Nunca tantos escreveram tanto sobre tão poucos homens do presidente. Só a eleição do primeiro operário à Presidência da República em 2002 bastaria para municiar jornalistas e cientistas sociais para escrever biografias e sínteses da trajetória de Lula como homem público. De fato isso ocorreu – nem na era FHC saíram tantas obras sobre seu longo período na Presidência quanto nos tempos sob Lula. Mas nem o mais pessimista comentarista político imaginaria que seria no governo da esperança, principalmente neste 2005, que brotaria um farto manancial para crônicas, livros-reportagens e análises da mais grave crise política originada por uma avalanche de denúncias de corrupção.
Até o mês passado haviam chegado às livrarias Lula e Mefistófeles, Por Dentro do Governo Lula, Como a Corrupção Abalou o Governo Lula e Da Independência a Lula. Há uma semana surgiram os títulos mais recentes, Memorial do Escândalo e A Esperança Estilhaçada. Ano passado, antes da crise, foram lançados Governo Lula – Da Esperança à Realidade, Governo Lula – Decifrando o Enigma, A Globalização e a Política – De FHC a Lula e Lula – Entre a Impaciência e a Esperança. Em 2003, despontaram nas prateleiras títulos biográficos como A História de Lula: O Operário Presidente e Lula, O Filho do Brasil.
Está longe a conclusão da crise e, talvez por esse motivo, há em comum, em todas as análises, a decepção e a certeza da perda no monopólio da ética na política pelo PT (Partido dos Trabalhadores). A crise ainda deve durar até outubro do ano que vem, e certamente contaminará as eleições. Mas as editoras não esperaram. Aproveitam a temperatura do momento para narrar o calor da crise em muitas páginas. Muitas outras ainda serão preenchidas, pois a história está em curso. Portanto, há a promessa de segundas edições, revisões, epílogos e capítulos extras.
Metáfora – A Jangada do Medusa, óleo sobre tela pintado entre 1818 e 1819 pelo francês Theodore Géricault (1791-1824), é uma metáfora de corrupção no governo, obra-prima fundadora do Romantismo no século XIX, uma crítica política expressada em arte. Mede 4,9m x 7,1m e está no Museu do Louvre, em Paris. Representa uma situação de crise entre o desespero e a esperança em que os sobreviventes de um naufrágio avistam o barco que os resgatará. Cada personagem da cena tem atitudes e expressões que representam seus sentimentos e personalidades, alguns no limite do desespero, outros em plena agonia, outros demonstrando uma firmeza frágil.
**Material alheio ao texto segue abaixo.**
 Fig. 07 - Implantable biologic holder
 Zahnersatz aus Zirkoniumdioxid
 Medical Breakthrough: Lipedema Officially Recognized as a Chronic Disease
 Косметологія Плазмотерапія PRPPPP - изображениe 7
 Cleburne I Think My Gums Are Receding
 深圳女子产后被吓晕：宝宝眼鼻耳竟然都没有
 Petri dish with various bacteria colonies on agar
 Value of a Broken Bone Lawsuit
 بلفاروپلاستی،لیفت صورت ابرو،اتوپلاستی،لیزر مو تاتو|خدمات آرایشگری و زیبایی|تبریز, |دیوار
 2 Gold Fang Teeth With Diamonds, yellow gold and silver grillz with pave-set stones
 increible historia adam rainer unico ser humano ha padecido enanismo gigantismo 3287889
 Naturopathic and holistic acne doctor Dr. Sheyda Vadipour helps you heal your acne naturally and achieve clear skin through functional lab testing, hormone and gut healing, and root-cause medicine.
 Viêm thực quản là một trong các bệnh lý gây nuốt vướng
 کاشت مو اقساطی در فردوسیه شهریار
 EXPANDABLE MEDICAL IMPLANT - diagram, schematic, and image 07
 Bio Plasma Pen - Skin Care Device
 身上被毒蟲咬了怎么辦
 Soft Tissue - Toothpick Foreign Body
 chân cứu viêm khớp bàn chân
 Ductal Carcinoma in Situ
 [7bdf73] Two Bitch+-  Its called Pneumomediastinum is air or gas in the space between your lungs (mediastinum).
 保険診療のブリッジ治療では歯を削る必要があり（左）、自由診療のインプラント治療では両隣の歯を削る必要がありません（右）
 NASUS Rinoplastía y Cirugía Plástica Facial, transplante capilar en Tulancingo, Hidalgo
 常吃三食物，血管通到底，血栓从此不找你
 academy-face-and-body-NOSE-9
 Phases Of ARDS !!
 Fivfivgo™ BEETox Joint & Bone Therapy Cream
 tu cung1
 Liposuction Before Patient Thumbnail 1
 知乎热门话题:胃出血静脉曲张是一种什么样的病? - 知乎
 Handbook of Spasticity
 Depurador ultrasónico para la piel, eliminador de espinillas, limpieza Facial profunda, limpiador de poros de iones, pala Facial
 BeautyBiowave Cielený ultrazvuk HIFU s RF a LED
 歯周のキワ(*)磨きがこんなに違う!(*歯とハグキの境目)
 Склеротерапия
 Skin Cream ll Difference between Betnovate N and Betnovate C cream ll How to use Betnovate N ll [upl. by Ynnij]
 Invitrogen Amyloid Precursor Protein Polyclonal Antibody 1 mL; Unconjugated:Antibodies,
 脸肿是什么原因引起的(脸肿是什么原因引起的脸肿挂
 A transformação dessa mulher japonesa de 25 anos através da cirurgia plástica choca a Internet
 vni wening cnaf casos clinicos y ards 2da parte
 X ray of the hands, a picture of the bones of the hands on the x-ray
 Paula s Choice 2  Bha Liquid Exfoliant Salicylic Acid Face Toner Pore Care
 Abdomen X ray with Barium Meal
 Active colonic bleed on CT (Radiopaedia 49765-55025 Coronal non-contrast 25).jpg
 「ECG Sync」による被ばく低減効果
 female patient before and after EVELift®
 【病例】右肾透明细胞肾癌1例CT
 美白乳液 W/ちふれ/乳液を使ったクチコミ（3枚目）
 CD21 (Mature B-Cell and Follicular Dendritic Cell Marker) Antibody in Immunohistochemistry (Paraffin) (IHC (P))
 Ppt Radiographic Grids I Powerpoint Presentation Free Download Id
A direção do olhar obedece uma diagonal da esquerda para direita, de baixo para cima. A partir desta linha imaginária também os olhares dos personagens se deslocam em direção à figura que acena para o barco que os salvará.
Géricault produziu a tela no exato calor de uma crise, pois o naufrágio ocorreu em 1816, na costa da África, e originou um escândalo de corrupção política na república francesa pós-Napoleão, com tentativas de abafar o caso e censura à imprensa. O navio francês Medusa afundou por incompetência do capitão, conde de Chaumareix, aristocrata inativo havia 25 anos e que obteve o posto por influências políticas. Ele e os oficiais embarcaram no bote salva-vidas e abandonaram os marinheiros, considerados seres sociais inferiores. Eram 149 e ficaram à deriva por 13 dias, vivendo cenas de canibalismo e loucura. Somente 15 sobreviveram. Coincidência: 15 são os deputados ameaçados de cassação pelo Congresso – um, poderoso, já foi: José Dirceu. Nau à deriva é uma imagem adequada ao nosso momento político.